*** Supplied records Section Begins ***

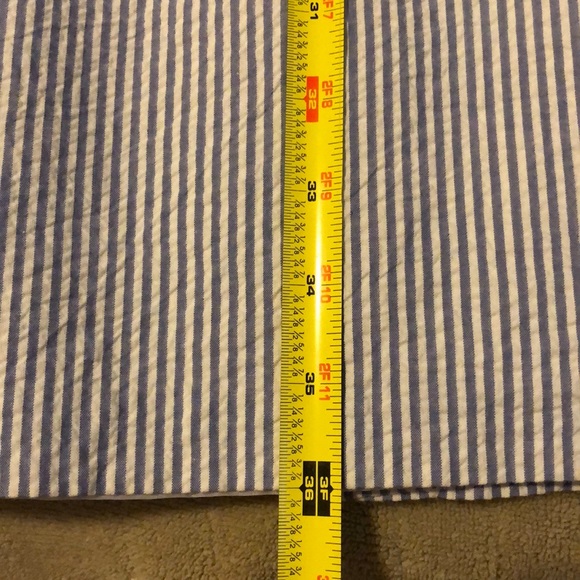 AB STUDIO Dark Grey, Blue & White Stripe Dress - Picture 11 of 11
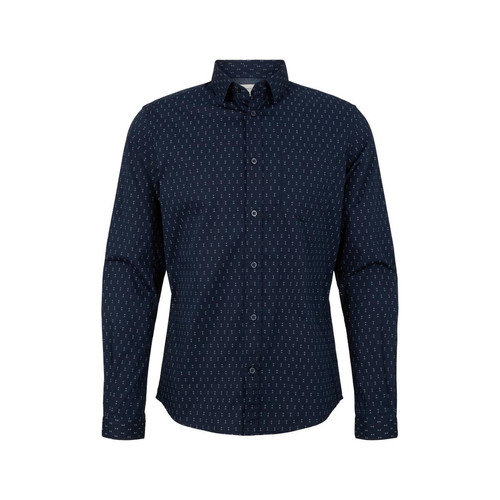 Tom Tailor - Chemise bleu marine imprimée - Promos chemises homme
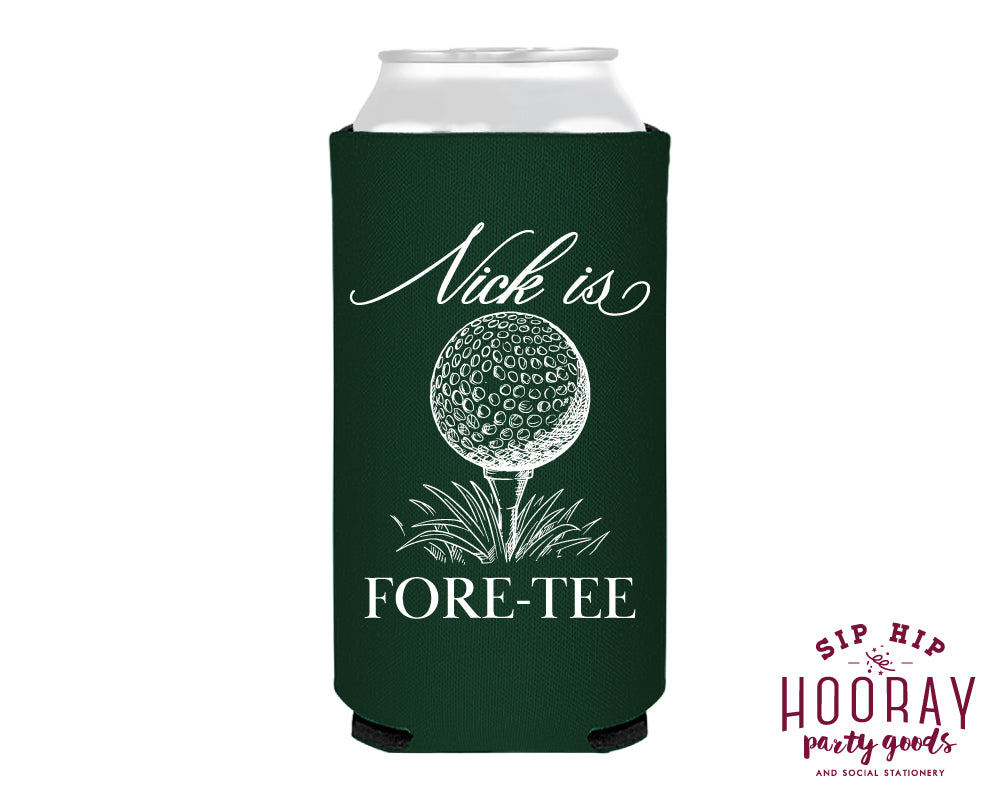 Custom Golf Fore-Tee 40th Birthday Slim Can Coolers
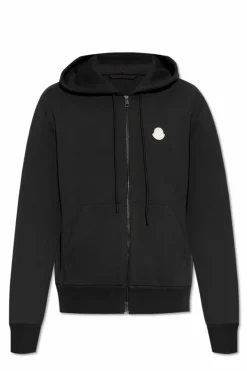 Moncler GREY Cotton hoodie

*** Supplied records Section Ends ***
*** Supplied records Section Begins ***

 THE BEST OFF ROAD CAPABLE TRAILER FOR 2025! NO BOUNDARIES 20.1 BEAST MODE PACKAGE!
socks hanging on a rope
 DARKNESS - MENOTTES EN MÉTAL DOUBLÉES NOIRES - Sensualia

*** Supplied records Section Ends ***

(Exercise prompt): Using the entries above, transcribe every line from the line containing "Tom Tailor - Chemise" through the line containing "Moncler GREY Cotton hoodie". Do not copy pictures.

(Your solution):
 Tom Tailor - Chemise bleu marine imprimée - Promos chemises homme
 Custom Golf Fore-Tee 40th Birthday Slim Can Coolers
 Moncler GREY Cotton hoodie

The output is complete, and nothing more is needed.